- [Problem]: Starting at the line that contains "Used Li Auto", print each line exactly through the end of the listing. Skip any pictures and add nothing.

#### Dataset extract ####

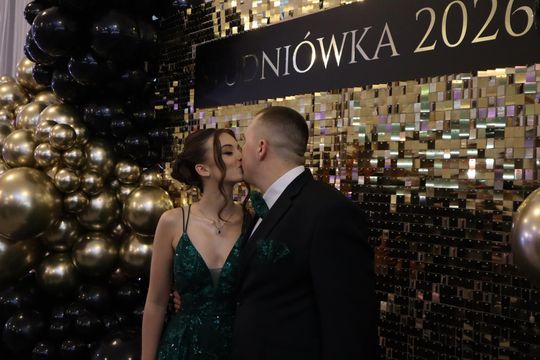 Chełm. Studniówka Zespołu Szkół Ekonomicznych i Mundurowych [GALERIA ZDJĘĆ]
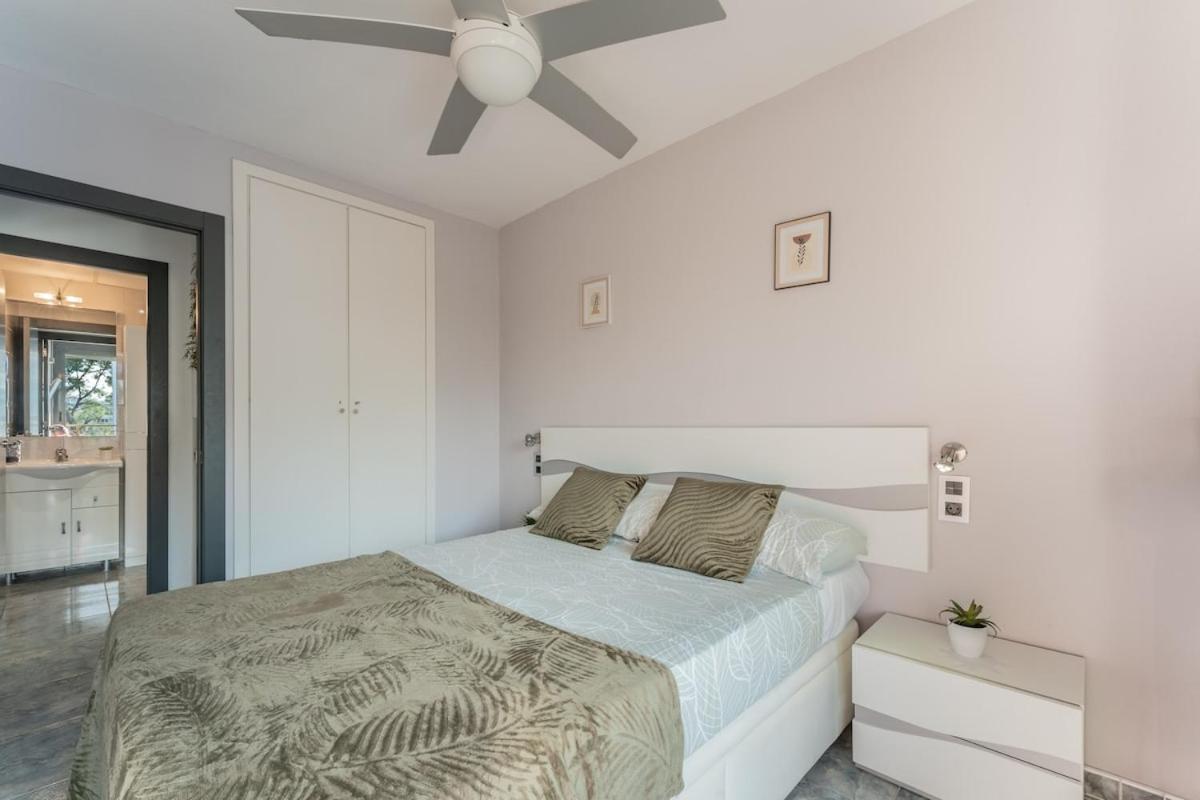Salou-modern-pool-5'playa-2room-portavntura-ac13
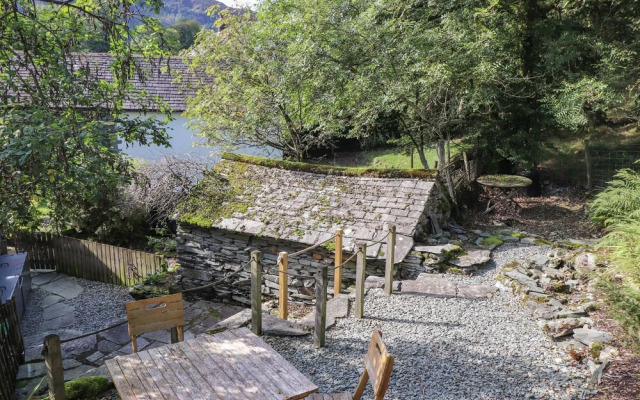 Weir Cottage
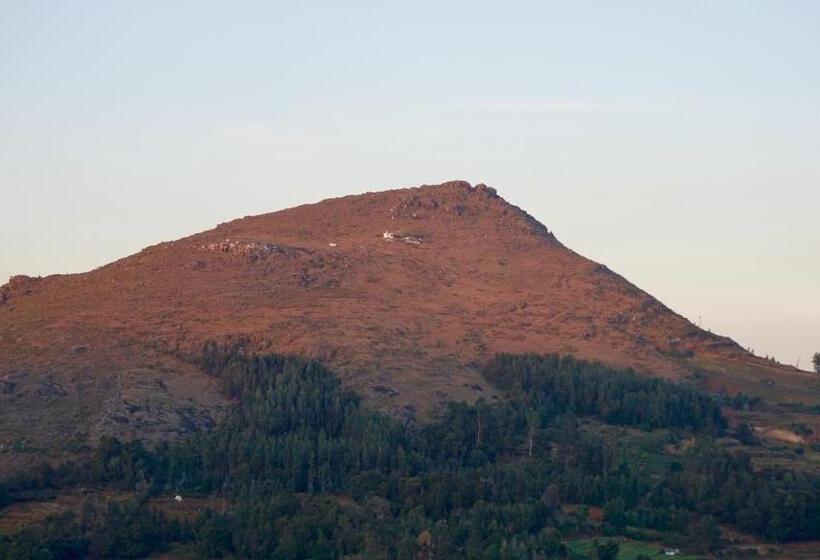 La Niebla Farm Resort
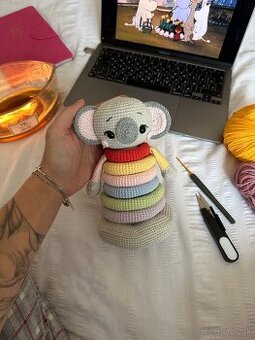 Háčkovaná detská pyramídka – koala, rozvíjajúca hračka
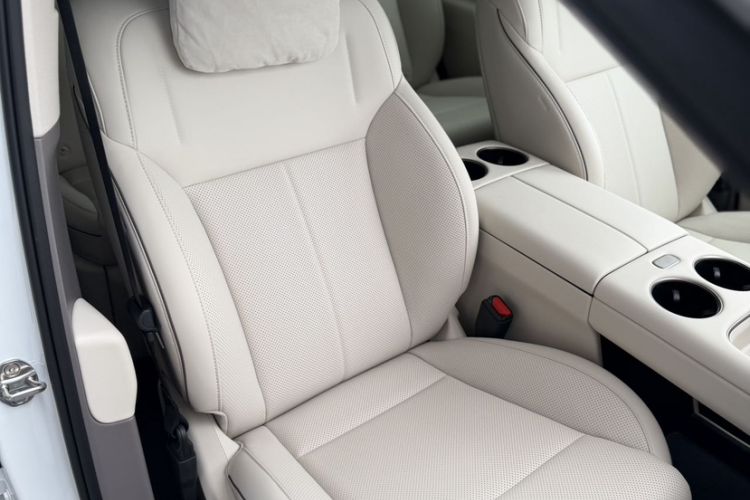 Used Li Auto i8 2025 Model Standard Version Interior 6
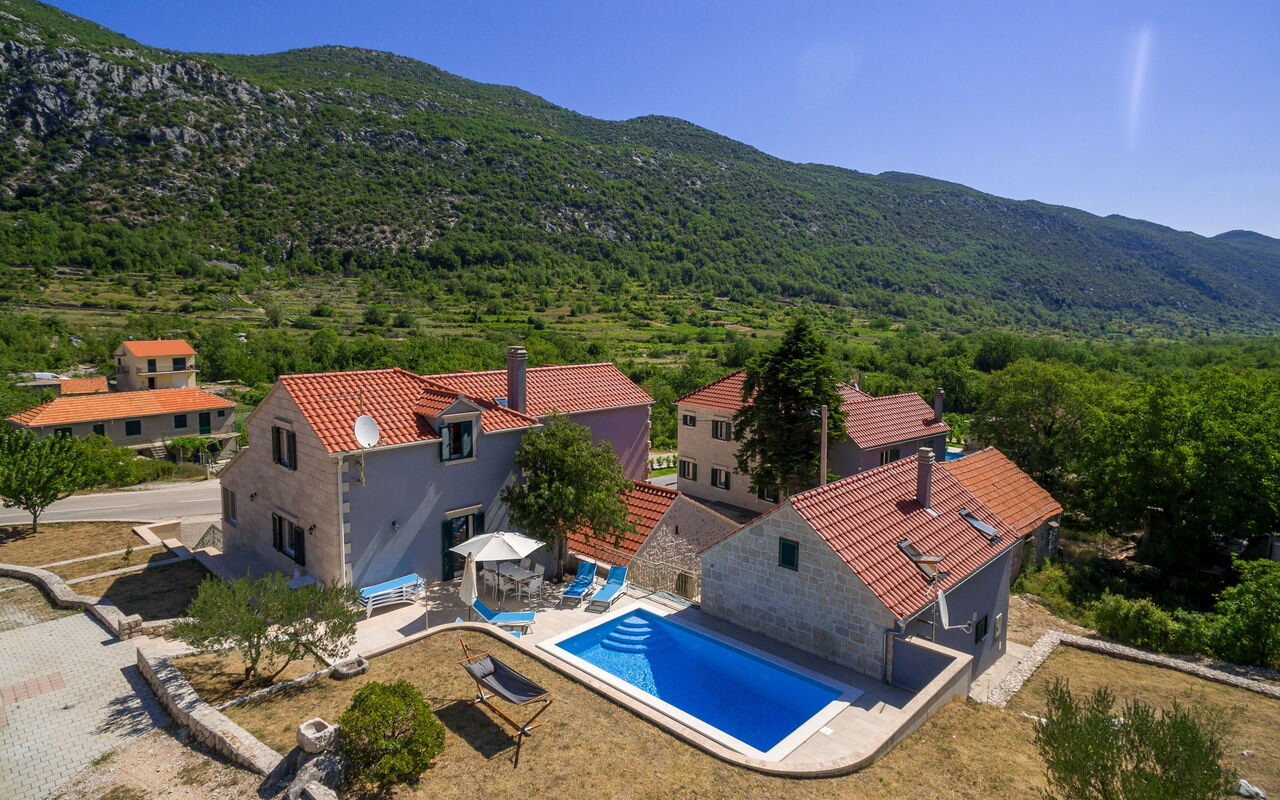 Villa Roglic: bassin, Extérieurs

####

- [Solution to the exercise]:
 Used Li Auto i8 2025 Model Standard Version Interior 6
 Villa Roglic: bassin, Extérieurs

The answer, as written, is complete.